By regrouping these parameters within the vector θ, we aimed to effectively capture and quantify the underlying dynamics and relationships present within the data. The process of estimating these parameters was at the core of our analytical journey, allowing us to unlock insights, uncover patterns, and model the intricate interplay between variables and states. Through rigorous estimation, we tried to discover the hidden mechanisms that govern the observed phenomena, thereby enriching our understanding of the complex interactions that drive economic and statistical processes. $\mathsf{\theta }=\left({\mathsf{\beta }}_0^{{\mathrm{S}}_{\mathrm{t}}},\sum {\mathsf{\beta }}_{\mathrm{i}}^{{\mathrm{S}}_{\mathrm{t}}},{\mathsf{\sigma }}^2,{\mathrm{P}}_{\mathrm{i}\mathrm{j}}\right)$. It is important to recognize that the MS-VAR model can be estimated using two methods, which are the expectation-maximization (EM) algorithm and the Bayesian method.

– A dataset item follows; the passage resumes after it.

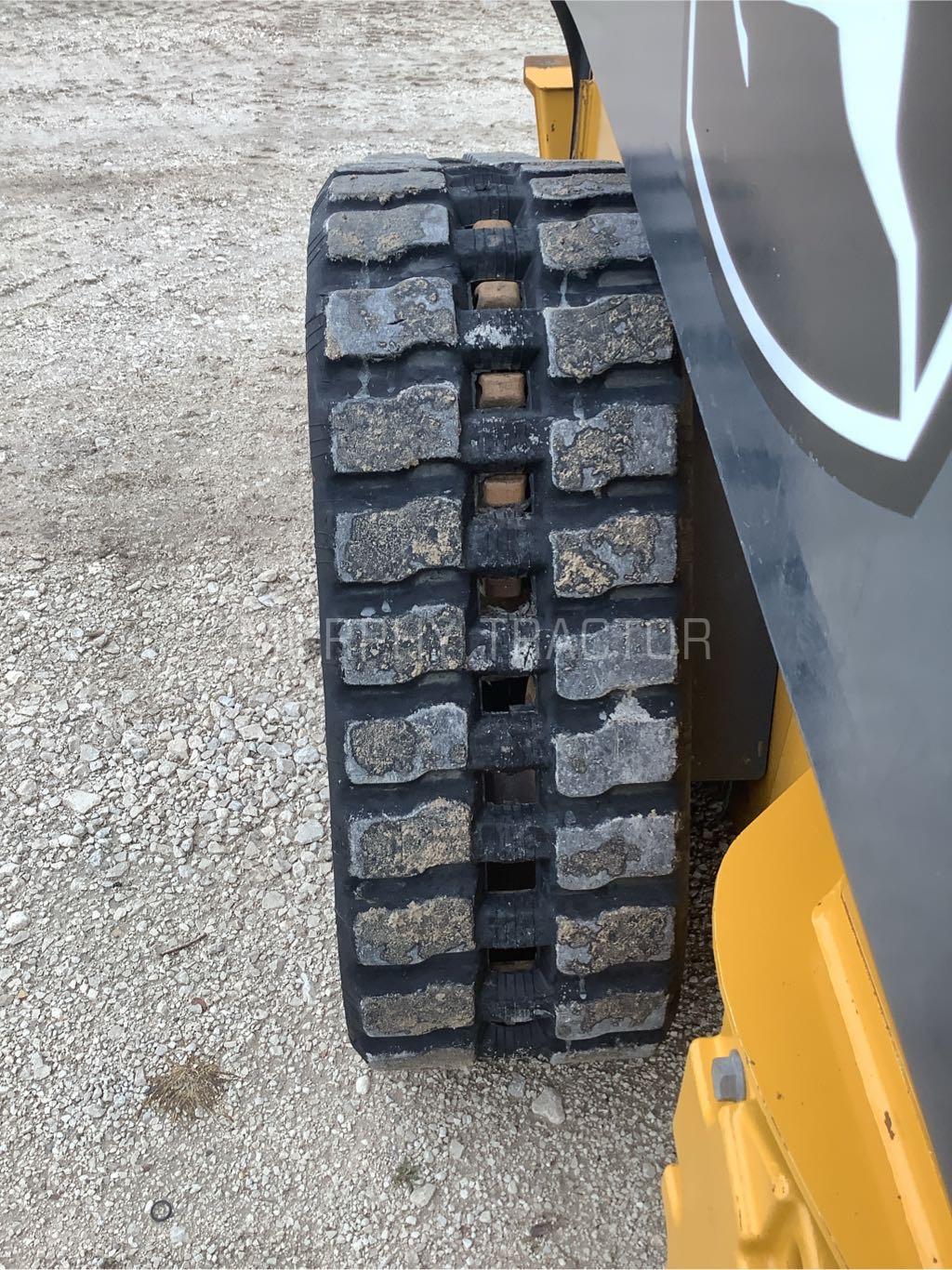 2025 John Deere 325G Image 15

According to Krolzig (1998), for a given regime ${\mathrm{S}}_{\mathrm{t}}$ and lagged endogenous variables ${\mathrm{Y}}_{\mathrm{t}-1}={({\mathrm{Y}}_{\mathrm{t}-1},{\mathrm{Y}}_{\mathrm{t}-2},\dots .,{\mathrm{Y}}_{\mathrm{t}-\mathrm{p}})}^{\prime }$, the conditional probability density function is given by $\mathrm{f}\left({\mathrm{y}}_{\mathrm{t}}\right|{\mathrm{S}}_{\mathrm{t}};{\mathrm{Y}}_{\mathrm{t}-1})$. Where ${\mathsf{\epsilon }}_{\mathrm{t}}$ is assumed to be Gaussian ${\mathsf{\epsilon }}_{\mathrm{t}}~\mathrm{N}\left(0,{\mathsf{\sigma }}^2\right)$. Then, the error term ${\mathsf{\epsilon }}_{\mathrm{t}}$ is presupposed to follow a Gaussian distribution ${\mathsf{\epsilon }}_{\mathrm{t}}~\mathrm{N}\left(0,{\mathsf{\sigma }}^2\right).$ In such a case,

$$\mathrm{f}\left({\mathrm{y}}_{\mathrm{t}}\right|{\mathrm{S}}_{\mathrm{t}};{\mathrm{Y}}_{\mathrm{t}-1})={\left(2\mathsf{\pi }\right)}^{-\left(\frac{1}{2}\right)}{\mathsf{\sigma }}^{-1}\exp \{-\frac{1}{2}{\left({\mathrm{y}}_{\mathrm{t}}-\overline{{\mathrm{y}}_{\mathrm{s}}}\right)}^2{\mathsf{\sigma }}^{-2}\}$$

(5)

In which case $\overline{{\mathrm{y}}_{\mathrm{s}}}$ signifies the conditional mean of ${\mathrm{y}}_{\mathrm{t}}$ within the context of regime ${\mathrm{S}}_{\mathrm{t}}$; $\overline{{\mathrm{y}}_{\mathrm{s}}}=\mathrm{E}\left({\mathrm{y}}_{\mathrm{t}}\right|{\mathrm{S}}_{\mathrm{t}},{\mathrm{Y}}_{\mathrm{t}-1})$.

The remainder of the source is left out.